Wednesday, August 02, 2017

missing my sausage


I do not miss much about American culture.

When I am in Mexico, I almost forget there is a country north of the Rio Bravo. That is until one of my fellow bloggers or Facebook friends overdoses on Trump or Obama hysteria.

But, once I am here, I start suffering from my own bout of eccentric nostalgia.

This morning I popped into Costco to reconnoiter. I was not in a buying mood. My sole reason for being there was to (1) look at items I might buy if I still lived in Oregon (a 75" curved SUHD Samsung screen) and (2) list items I might want to take back to Mexico with me (almost nothing).

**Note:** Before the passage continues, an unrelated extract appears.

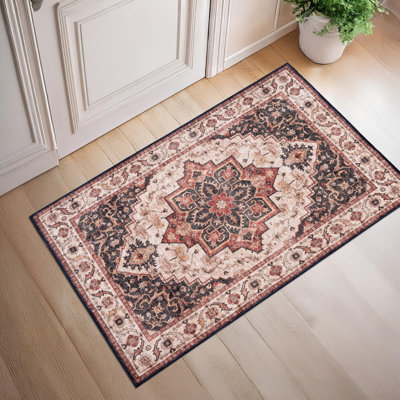 HAMILTON Rectangle Oriental Cotton Kilim Washable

Everything in Costco is available in Mexico. I learned that lesson long ago. There is very little reason to lug any of it across the border. And, when I do, I often end up paying either duty or IVA on what I bring back. There certainly is no saving.

But that does not keep me from indulging in my category 1 dreams -- things I would buy if I still lived here. Food usually tops that list.

Take the chicken sausage pictured. Chicken sausage is one of the foundations of my cooking up here.

The prime example is my favorite macaroni and cheese dish. Sun-dried tomato penne pasta. Onion. Garlic. Fresh basil. Sun-dried -- or fresh -- tomatoes. Chicken sausage -- usually, mango and jalapeño. Topped by a home-made three cheese cream sauce.

When I was here in June, I made some for Darrel. We experimented with several variations. Each one better than the last. Well, with the exception of the cheese sauce where we mistakenly used whole cream and ended up with what looked like vanilla pudding.

I cannot make that particular dish in Mexico. Well, I can with some drastic revisions. There is simply no spicy sweet chicken sausage in my area of Mexico.

And I am fine with that. There are plenty of dishes I can make in Mexico that I cannot make here.

What is consistent between the two countries is shopping, I have the opportunity to dive into crowds of strangers -- each one another conversation possibility.

That probably says a lot more about me than my preference for chicken sausage.